Created to investigate Lebanese Prime Minister Rafik Hariri’s assassination in 2005, the STL accuses Karma Khayat and her Arabic-language TV news channel, Al Jadeed TV, of endangering supposed confidential witnesses by filming them for a report after learning of their identity from an anonymous leak.

The report, which Al Jadeed TV broadcast in instalments from 6 to 10 August 2012, has not been removed from the station’s website or YouTube account. The charges were originally announced in April 2014.

This is the first time that a TV station has been the subject of a prosecution by an international court. The company that owns Al Jadeed TV, New TV S.A.L., is also being prosecuted. The STL is the first international court to be set up to investigate a single act of terrorism.
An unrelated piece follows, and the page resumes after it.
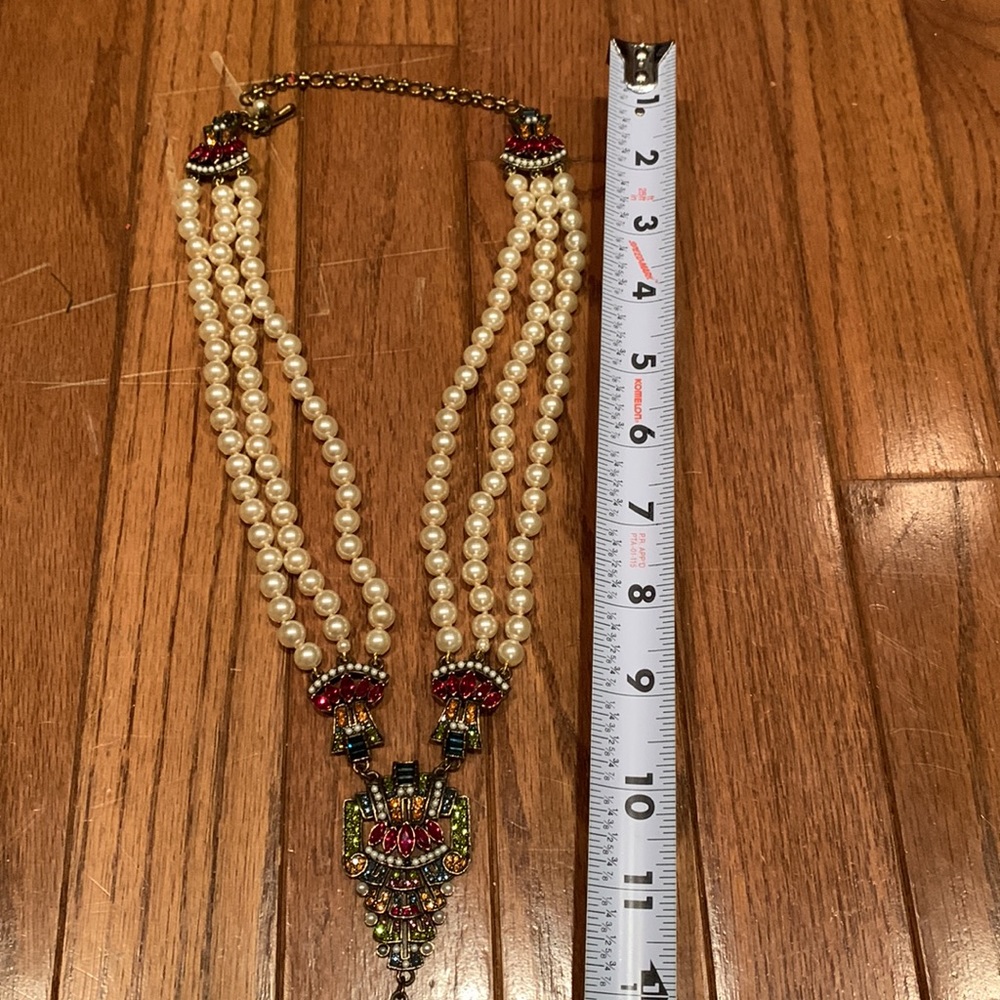Heidi Daus Majestic Elegance cream Pearl multi strand necklace - show stopper! - Picture 8 of 17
Now Al Jadeed TV’s vice-president, Khayat says the report’s aim was to draw attention to the STL’s problems and did not endanger the supposed witnesses because their names and their faces were pixelated in the video footage. The STL accuses her of undermining the public’s confidence in its ability to protect witnesses.

She is facing the possibility of a 7-year jail sentence and a 100,000-euro fine at the end of the trial, which began on 16 April.

Reporters Without Borders, which supports Khayat and her TV station, believes it is vital to preserve freely-reported news coverage in Lebanon at a moment in its history that is extremely delicate from both the political and security viewpoint.

We condemn the decision to try Al Jadeed TV and Karma Khayat, who are guilty solely of holding the STL to account by broadcasting information obtained from leaks,” Reporters Without Borders programme director Lucie Morillon said. “The media have a duty to question the way the courts operate and to encourage a public debate on this subject.”

International media that covered this story have not been charged. They include the Canadian broadcaster CBC, the German news magazine Der Spiegel and the French dailies Le Figaro and Libération, which used confidential documents and internal STL leaks.

Khayat told the judge on 16 April: “The International Court was created for us and with our money. It is our duty to monitor its work.” Her lawyer, Karim Khan, said Khayat and other Al Jadeed TV employees have received death threats in connection with the case.

According to our sources, the report’s two main aims were to show that confidential information was being leaked from within the TSL, thereby endangering the proceedings, and to highlight the fact that is was easy to access “protected” witnesses, who had not been briefed about the confidential nature of their status as witnesses.

The first session of the trial, which began with the prosecution presenting its arguments, is due to end tomorrow. The trial will resume on 12 May, when the defence will have three days to present its witnesses and arguments. No date has been set for the verdict.

Members of a group that supports Khayat and Al Jadeed TV attended the start of the trial. They include Florence Hartmann, a French journalist who was convicted of contempt of court by the International Criminal Tribunal for the former Yugoslavia.

The STL has also charged Ibrahim Al-Amine, the editor of the daily Al-Akhbar, and the company that owns his newspaper, with contempt of court and obstruction of justice. No date has so far been set for their trial.

Reporters Without Borders submitted an amicus brief on the Khayat case to the STL when a preliminary hearing was held on 13 May 2014.

Lebanon is ranked 98th out of 180 countries in the 2015 Reporters Without Borders press freedom index.